We met at a railroad depot that is today a museum because the fast moving freights no longer stop there. I was able to get a book about the history of the county for later research and listened to some romantic stories from a retired school teacher in charge of the museum. We found her and her friends set up in the center of the room putting together a jigsaw puzzle. They were eager to share some tales with us.
Soon everyone had gathered and we took off in three vehicles. Following the winding road up out of the valley into the Boston Mountains, we climbed and coiled for perhaps 20 minutes before turning off and heading into the woods and to the pleasant farm home of our host, who turned out to be related to our son-in-law. Thus are the ways of these Ozarks.
He shared his abstract with us, the first land settlement dated 1842. There, in what appeared to be his back yard, a solid rock face soared perhaps 200 feet high. Several tunnels were cut into the stone.

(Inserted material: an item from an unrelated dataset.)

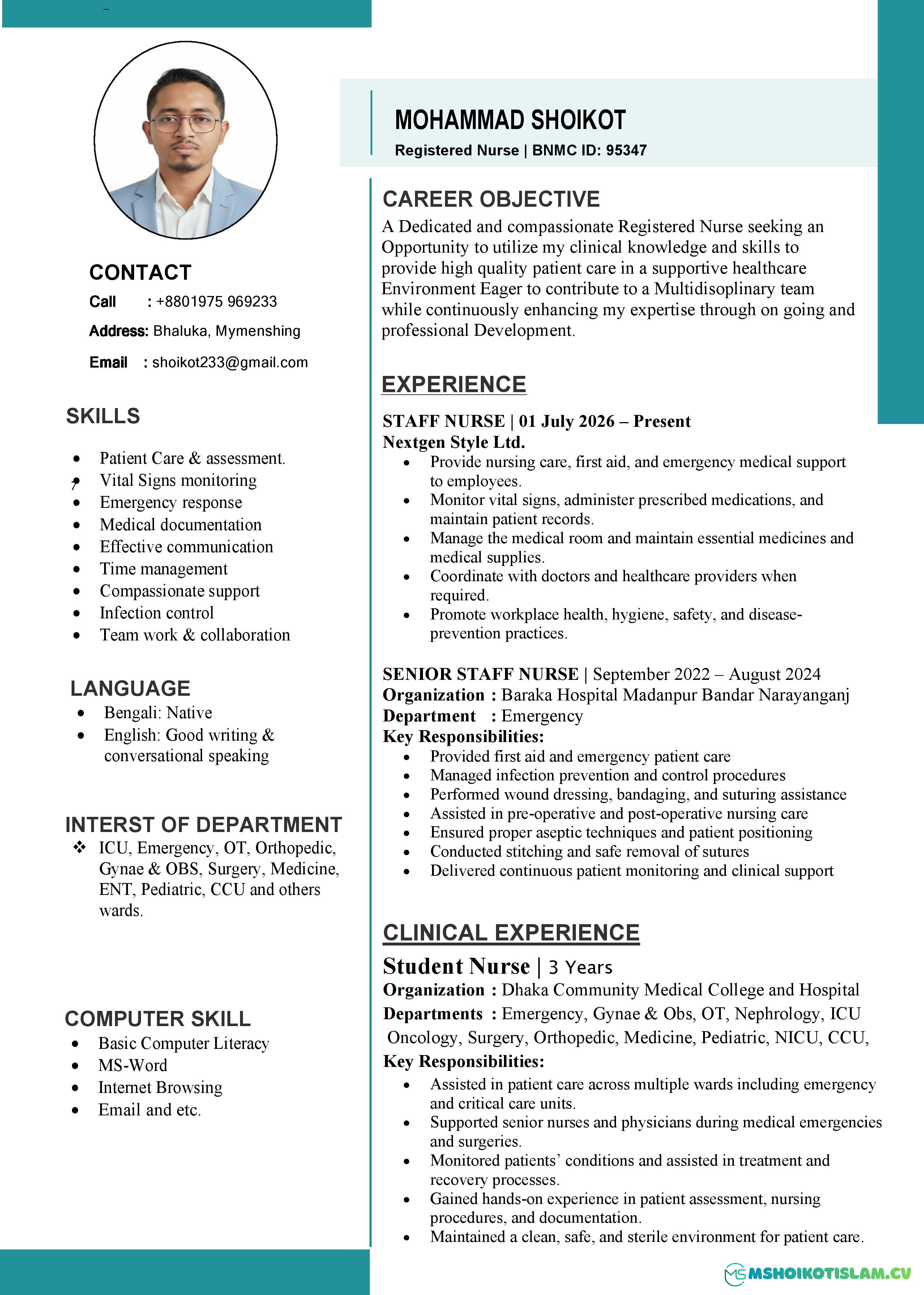 Professional Nurse Resume Template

We were told that originally this bluff was hidden by a heavy growth of timber, but he had cleared it all out so that the entrance to the mine was literally in his mowed yard. One could only enter by crawling, so needless to say we remained at the entrance.
I'll share a bit of the story here, but the rest will be in my upcoming book, The Boston Mountains: Lost In the Ozarks. It seems a long ago farmer was plowing his fields and began to find small stone tablets with strange writings on them. A search for their origin eventually led to the belief that the writings were telling a tale of buried treasure. Gold. Probably buried centuries earlier. The men finally surmised that it was of Spanish or Mexican origin.

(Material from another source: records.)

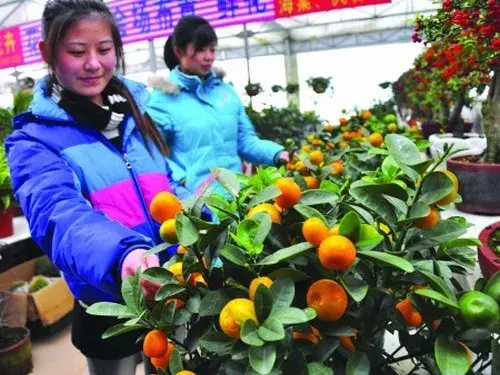 花卉果蔬盆景 | 在家随吃随种的水果盆栽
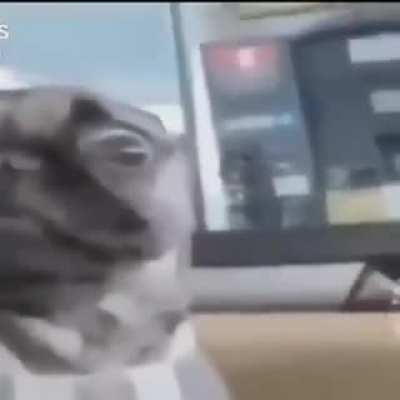 T&Aacute; PEGANO EU? 😳😳😳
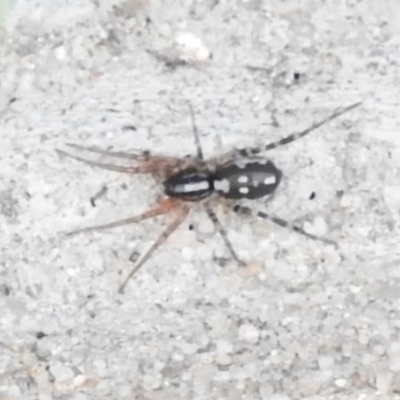 Nyssus coloripes (Spotted Ground Swift Spider) at Wanniassa Hill - 26 Feb 2016 by RyuCallaway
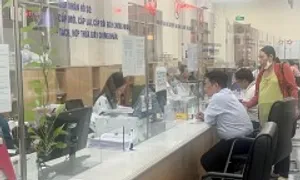 Hơn 14.300 hồ sơ thuế đất tồn đọng tại TP HCM đã được giải quyết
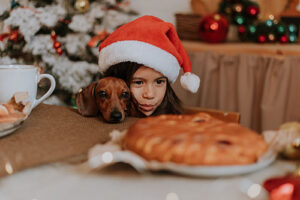 7 consejos para que tu mascota se sienta segura en Navidad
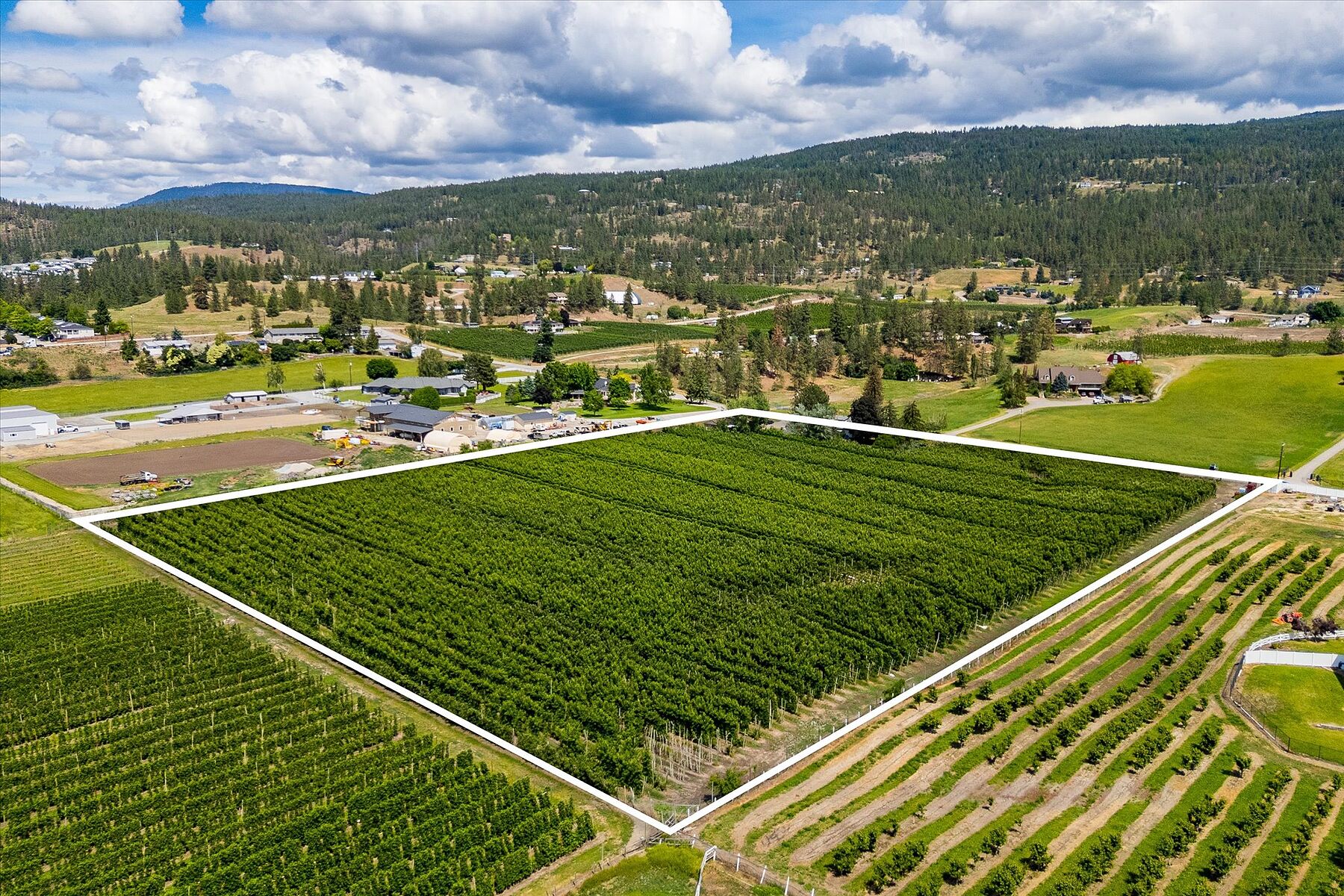  10 Acre Orchard - 物件實景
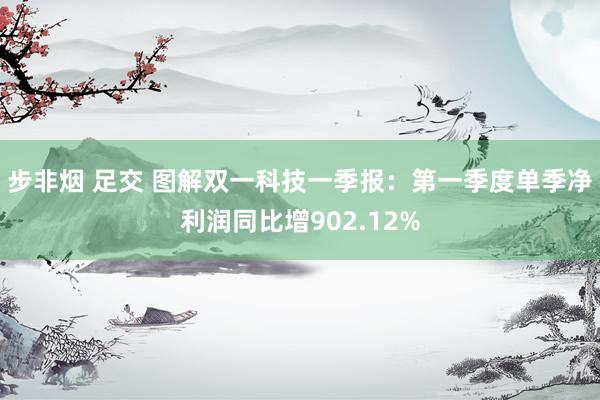 步非烟 足交 图解双一科技一季报：第一季度单季净利润同比增902.12%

Rather than see the place overrun with prospectors, several of them got together and formed the Mountain Creek Gold Mine Company, sold shares and began to blast and dig for the treasure. For the rest of the story, as they say, and the amazing secret unearthed about some of the writings found on the stones, you'll have to read my book. If you want to have some fun, become a writer of history.
Later that afternoon we drove north in search of a town that is on the map, but has disappeared. We saw an old, hand-painted sign alongside a side road that led us to the community building and cemetery. As we turned, I spotted on the other side of the highway, an old building so overgrown it was only barely visible. When we came back out we parked nearby and as I was taking pictures and my husband investigating, a car stopped and a lady hollered out her window at us.
I went to talk to her and she told me that it was the old general store for the small town which we'd been searching for. A town by the name of Boston. This is where three rivers, the King, War Eagle and White, have their head and flow north into the mountains. They become important rivers that feed lakes and drive mills, and that was originally why I went in search of the lost town.
By the time we started home, we were weary but happy. We'd found everything we searched for that day, including the wonderful Ozark Restaurant in Ozark, Arkansas, that served some of the best homemade mountain cooking we'd laid a tooth to outside Grandma's kitchen. All in all, it was a satisfying day.